Juju's a little under the weather today. I walked into the living room, only to find her asleep on her favorite toy. 

Friday, April 20, 2012

Tuesday, April 10, 2012

An Angel in a Time of Need

Today would be my father-in-law's birthday. It's the first birthday since he passed. We were very close and I miss him terribly. Not long after my husband and I got married, my mother-in-law passed away. We had just moved, and had just learned we were expecting our first child. It was a very emotional, and at times, overwhelming period. I began to wonder what I had been thinking, how could I be a mother? I didn't know how to take care of someone else. I remember praying, asking God to help prepare me for motherhood. And he sent my father-in-law.

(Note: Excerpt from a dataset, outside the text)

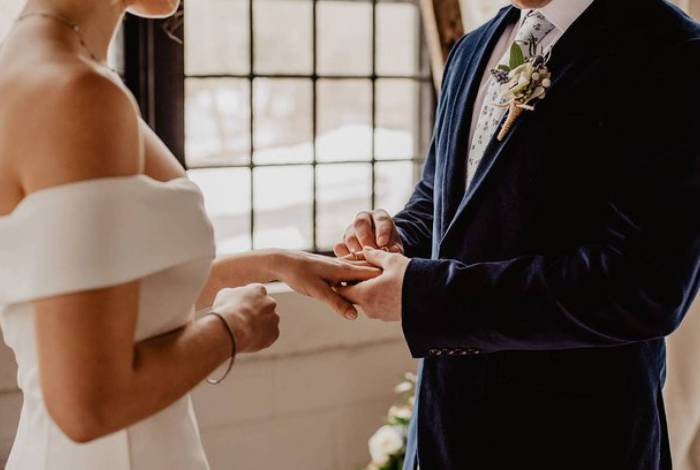 Noiva expõe traição do parceiro no dia do casamento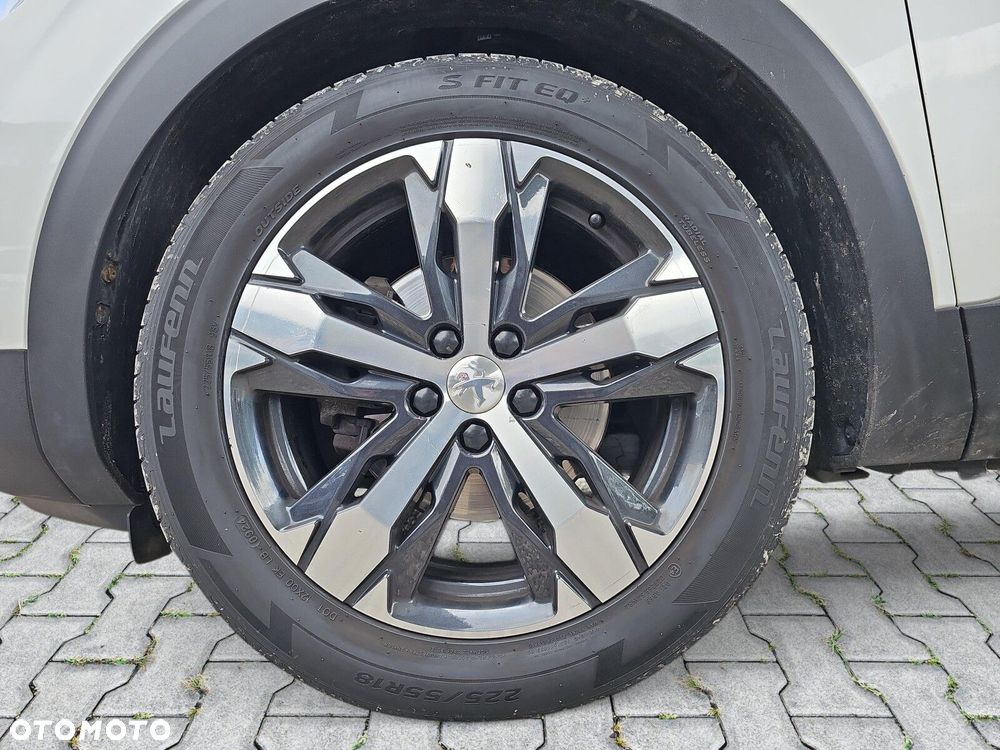 Peugeot 5008 - 11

My father-in-law was older than my mother-in-law, and he got married later in life. My husband also got married a little later in life...so while I was in my late 20s, my father-in-law was in his late 80s. He was often mistaken for my grandfather (except that one time I took him to the gerontologist, where the computer had me listed as his spouse...but that's another story for another day). My father-in-law was sharp as a tack but with his age and health, he needed some help getting around, some assistance with the tasks of daily living. He was a gift. It was a joy to have him with us, and I grew to love him very much. He was truly an answer to my prayer.

Our first child, in turn, was an answer to his prayers. Imagine becoming a grandparent for the first time at the age of 90! Our little girl was the apple of his eye. She gave him a whole new reason for living.

Eventually, my father-in-law's age caught up with him. His health had started to decline right around the time we learned we were expecting Julia. I hoped and prayed he would be there to see our next child, and thanks be to God, he was. That summer, however, he really started to go downhill. Those last weeks and days were incredibly stressful. I had never watched anyone die before. I would leave, completely drained, thinking I couldn't go back and do it again the next day. But then I would hold Julia, and snuggle with her, skin to skin, and that gave me the strength to return to my father-in-law for another day. Just as God sent my father-in-law to help prepare me for motherhood, he sent Julia to be a comfort and a shade as I watched my beloved father-in-law pass away. She's not even a year old and she's already served a tremendous purpose. She is truly a gift.


Monday, April 9, 2012

Easter Joy

Last year at Easter, I was very close to delivery. In fact, I had a very clear indication on Easter morning that labor was on the horizon. (I'll spare you the details) As we drove to church that morning, I wondered if I'd go into labor during mass. Thankfully, labor was close...but not that close.

That afternoon, we gathered for dinner with family. My sister began talking about a film she'd recently seen called Monica and David, about a married couple with Down Syndrome. It wasn't the first time she'd mentioned the film or told me I had to see it. So we got to talking about it, then I recalled the year in college where I'd volunteered with Best Buddies, an organization that pairs people up with adults with mental disabilities. I lamented the fact that the organizer of the group was paired with the bubbly young adult with Down Syndrome, while I was matched the portly older man who turned away from me whenever I spoke to him. I wanted to be matched with the person with Down Syndrome.

A few short days later, I got my wish. I gave birth to Julia. 
And now, a year later, she is my Easter joy. 

Sunday, April 8, 2012

Easter Prep

Julia had some help getting cleaned up from her big sister. She wanted to be squeaky clean for church on Easter morning (translation: I couldn't stand the spit-up in her hair any longer).





Wednesday, April 4, 2012

Learning To Crawl

Julia hasn't quite mastered crawling yet. Maybe she needs to listen to The Pretenders more.